In a written statement, Mbatha refers to the young boy as Katiza Cebekhulu.

Later in his testimony, Mbatha said they had not discussed the question of money with Madikizela-Mandela as they were "prepared to carry out their task".

Mbatha said the police were not interested in hearing about Madikizela-Mandela's involvement.

"I wanted to give them a statement but they did not want to take it," he said.

Asked by Soller if he would prefer to remain in jail or take advantage of the "law's facilities for release", Mbatha replied: "I am prepared to be in jail for all the time can be, for I believe I am serving time for the crime I committed."

He then broke down and sobbed.

Soller said his client wanted to address the Asvat family adding this was was the last time he would have the opportunity to do so.

Finally Mbatha said: "In all that I have done, I did (this) because I was tempted by a very clever person who was older than me. She tried by all means to show me and convince me I should do that.

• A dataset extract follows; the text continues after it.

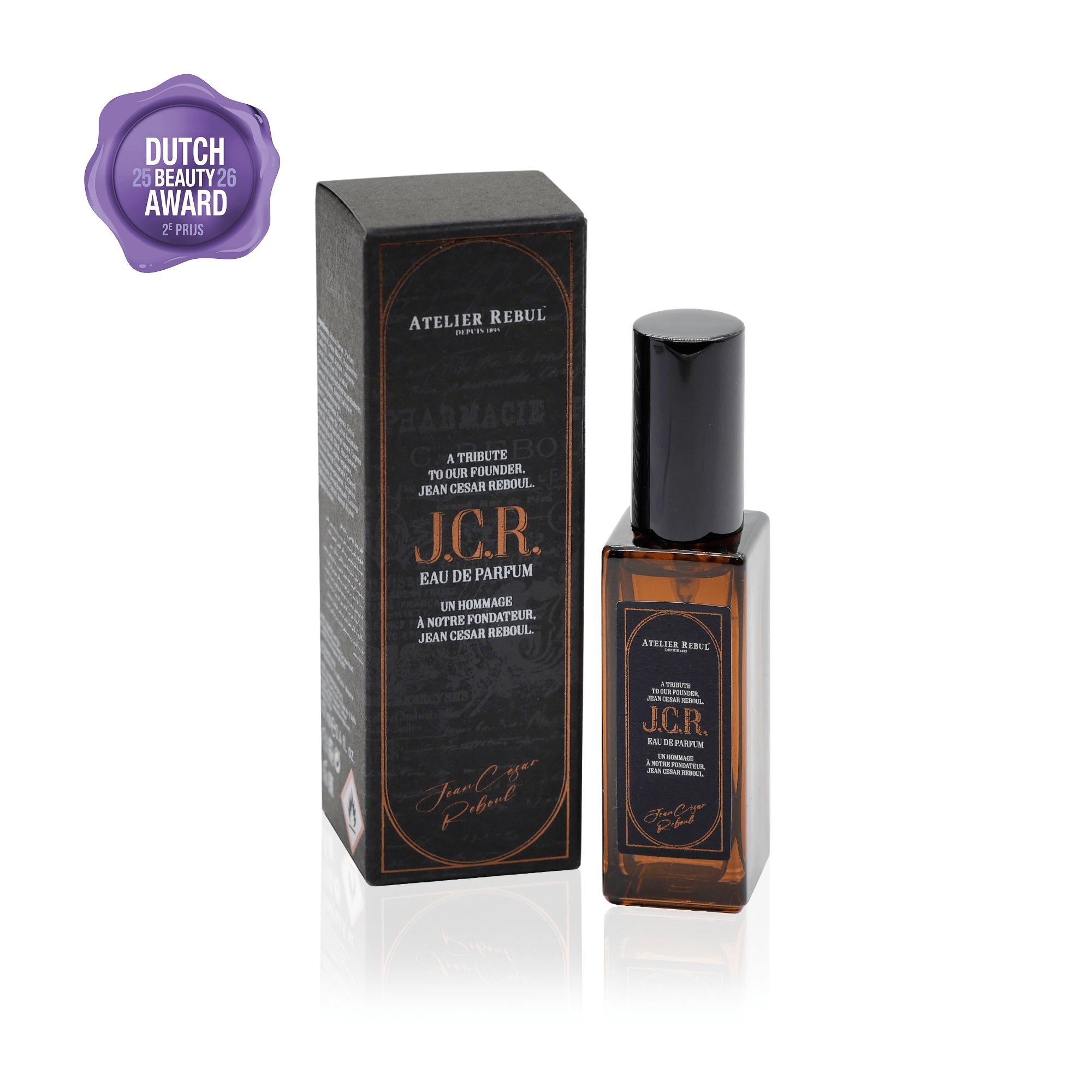 J.C.R. Eau de Parfum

"She had her helpers, my accomplices, who ferried me to and from the scene of the murder. They came up with all the information for the commission of the crime.

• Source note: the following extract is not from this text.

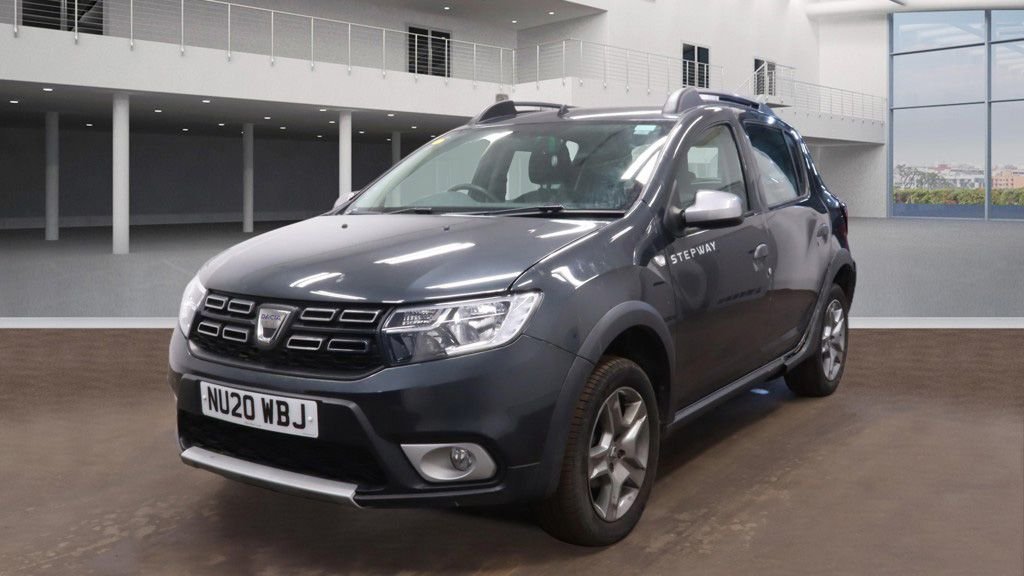 Used Dacia Sandero Stepway 2020 for sale - 77667271: Photo 2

"All the time the Asvat family has been puzzled by the circumstances surrounding their relative's death, not getting any truth from anyone. I wanted to come to this commission and speak the truth. I want the Asvat family to forgive me.

"This is from the depths of my heart. I feel free because I told them I was the killer.

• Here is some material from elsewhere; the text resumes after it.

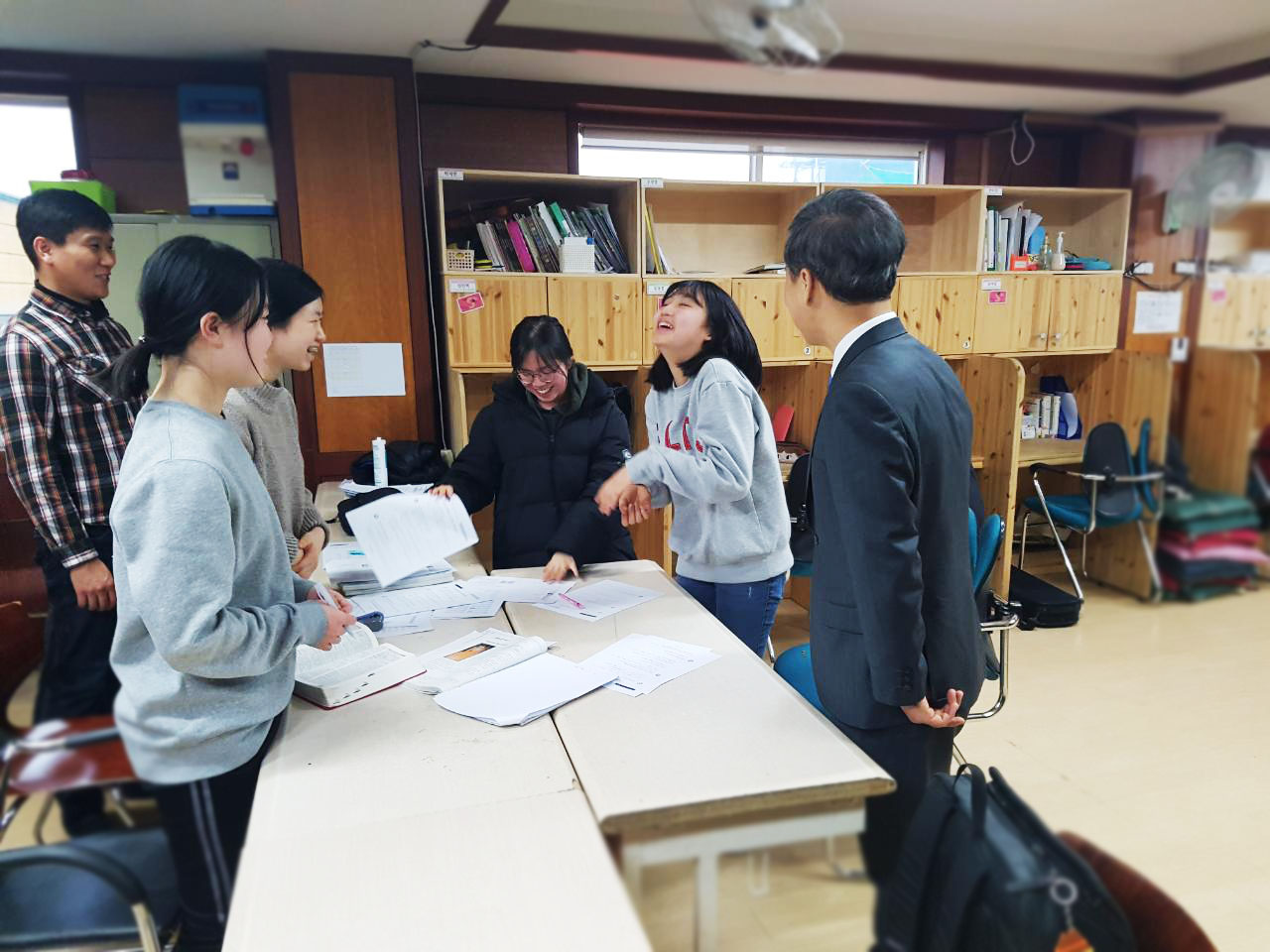 전주기독교대안학교비전학교-지역사회교육과복지5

"You have seen me. I am the first and the last."

Mbatha said his parents cried when he was given the death sentence for Asvat's murder - later commuted to life.

"God has kept me alive to give me the opportunity to come clean," he concluded.

Asvat's brother Ibrahim, who gave evidence earlier, was in tears throughtout Mbatha's final speech.

Chairman Tutu ordered a five-minute recess as Asvat was comforted by supporters.

Seemingly untouched by the moving scene, Mdikizela-Mandela shook hands and greeted members of the gallery during the recess.